== Segment start ==

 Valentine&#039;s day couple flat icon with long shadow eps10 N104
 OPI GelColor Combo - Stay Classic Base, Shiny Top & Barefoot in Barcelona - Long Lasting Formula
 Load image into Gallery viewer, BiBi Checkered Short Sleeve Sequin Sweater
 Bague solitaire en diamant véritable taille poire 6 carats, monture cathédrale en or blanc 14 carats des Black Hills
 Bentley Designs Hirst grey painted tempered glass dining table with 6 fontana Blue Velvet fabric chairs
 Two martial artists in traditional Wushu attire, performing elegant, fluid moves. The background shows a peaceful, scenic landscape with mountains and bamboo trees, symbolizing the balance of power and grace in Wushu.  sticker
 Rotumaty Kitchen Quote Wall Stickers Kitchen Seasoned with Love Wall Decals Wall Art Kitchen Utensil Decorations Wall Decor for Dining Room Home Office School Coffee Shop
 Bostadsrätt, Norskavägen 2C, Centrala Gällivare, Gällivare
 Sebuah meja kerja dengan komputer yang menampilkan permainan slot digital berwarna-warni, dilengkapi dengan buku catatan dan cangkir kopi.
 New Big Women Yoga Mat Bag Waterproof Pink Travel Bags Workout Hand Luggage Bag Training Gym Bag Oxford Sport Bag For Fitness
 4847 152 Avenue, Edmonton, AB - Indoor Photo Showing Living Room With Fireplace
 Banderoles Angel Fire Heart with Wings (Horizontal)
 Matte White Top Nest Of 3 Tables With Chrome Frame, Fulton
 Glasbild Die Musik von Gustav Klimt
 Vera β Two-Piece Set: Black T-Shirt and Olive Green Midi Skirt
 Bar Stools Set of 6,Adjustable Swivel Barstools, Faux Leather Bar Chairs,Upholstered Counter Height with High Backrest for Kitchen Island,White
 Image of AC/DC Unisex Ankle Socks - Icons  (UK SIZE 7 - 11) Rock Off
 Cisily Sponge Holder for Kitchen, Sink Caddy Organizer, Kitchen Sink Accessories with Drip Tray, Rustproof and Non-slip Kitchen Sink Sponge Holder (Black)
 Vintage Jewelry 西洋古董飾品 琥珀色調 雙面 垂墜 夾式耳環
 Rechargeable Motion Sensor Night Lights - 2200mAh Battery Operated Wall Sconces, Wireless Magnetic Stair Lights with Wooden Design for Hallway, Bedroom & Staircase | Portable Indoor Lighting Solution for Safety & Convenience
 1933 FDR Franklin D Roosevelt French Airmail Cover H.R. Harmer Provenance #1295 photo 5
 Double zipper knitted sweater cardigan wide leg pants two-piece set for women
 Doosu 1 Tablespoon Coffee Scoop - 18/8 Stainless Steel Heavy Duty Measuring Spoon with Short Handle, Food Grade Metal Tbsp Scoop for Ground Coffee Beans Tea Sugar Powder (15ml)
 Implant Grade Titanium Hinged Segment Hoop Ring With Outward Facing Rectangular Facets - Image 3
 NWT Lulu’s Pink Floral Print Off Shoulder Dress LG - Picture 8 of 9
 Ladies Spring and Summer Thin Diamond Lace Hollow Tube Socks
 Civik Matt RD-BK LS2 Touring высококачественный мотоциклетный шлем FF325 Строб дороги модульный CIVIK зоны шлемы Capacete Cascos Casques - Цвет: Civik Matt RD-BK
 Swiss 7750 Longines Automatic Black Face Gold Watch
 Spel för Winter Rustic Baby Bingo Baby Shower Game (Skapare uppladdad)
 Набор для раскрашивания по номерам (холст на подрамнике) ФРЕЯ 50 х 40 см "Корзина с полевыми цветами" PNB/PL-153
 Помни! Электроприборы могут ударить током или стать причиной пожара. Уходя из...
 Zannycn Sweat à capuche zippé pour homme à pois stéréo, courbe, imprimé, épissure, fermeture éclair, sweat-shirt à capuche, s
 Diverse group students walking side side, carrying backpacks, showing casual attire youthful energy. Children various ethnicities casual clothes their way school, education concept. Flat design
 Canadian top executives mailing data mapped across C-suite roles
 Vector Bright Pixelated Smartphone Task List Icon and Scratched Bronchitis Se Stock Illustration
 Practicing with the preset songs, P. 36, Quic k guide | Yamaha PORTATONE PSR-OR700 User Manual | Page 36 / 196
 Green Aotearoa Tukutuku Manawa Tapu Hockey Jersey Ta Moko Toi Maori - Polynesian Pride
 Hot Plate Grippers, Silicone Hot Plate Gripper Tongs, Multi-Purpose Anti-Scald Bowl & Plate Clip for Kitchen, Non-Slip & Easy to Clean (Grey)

== Segment end ==

### EXERCISE DIRECTIONS:
Would you copy out exactly the lines above that start at the one containing "Rechargeable Motion Sensor" and end at the one containing "Canadian top executives", inclusive?

### SOLUTION TO THIS EXERCISE:
 Rechargeable Motion Sensor Night Lights - 2200mAh Battery Operated Wall Sconces, Wireless Magnetic Stair Lights with Wooden Design for Hallway, Bedroom & Staircase | Portable Indoor Lighting Solution for Safety & Convenience
 1933 FDR Franklin D Roosevelt French Airmail Cover H.R. Harmer Provenance #1295 photo 5
 Double zipper knitted sweater cardigan wide leg pants two-piece set for women
 Doosu 1 Tablespoon Coffee Scoop - 18/8 Stainless Steel Heavy Duty Measuring Spoon with Short Handle, Food Grade Metal Tbsp Scoop for Ground Coffee Beans Tea Sugar Powder (15ml)
 Implant Grade Titanium Hinged Segment Hoop Ring With Outward Facing Rectangular Facets - Image 3
 NWT Lulu’s Pink Floral Print Off Shoulder Dress LG - Picture 8 of 9
 Ladies Spring and Summer Thin Diamond Lace Hollow Tube Socks
 Civik Matt RD-BK LS2 Touring высококачественный мотоциклетный шлем FF325 Строб дороги модульный CIVIK зоны шлемы Capacete Cascos Casques - Цвет: Civik Matt RD-BK
 Swiss 7750 Longines Automatic Black Face Gold Watch
 Spel för Winter Rustic Baby Bingo Baby Shower Game (Skapare uppladdad)
 Набор для раскрашивания по номерам (холст на подрамнике) ФРЕЯ 50 х 40 см "Корзина с полевыми цветами" PNB/PL-153
 Помни! Электроприборы могут ударить током или стать причиной пожара. Уходя из...
 Zannycn Sweat à capuche zippé pour homme à pois stéréo, courbe, imprimé, épissure, fermeture éclair, sweat-shirt à capuche, s
 Diverse group students walking side side, carrying backpacks, showing casual attire youthful energy. Children various ethnicities casual clothes their way school, education concept. Flat design
 Canadian top executives mailing data mapped across C-suite roles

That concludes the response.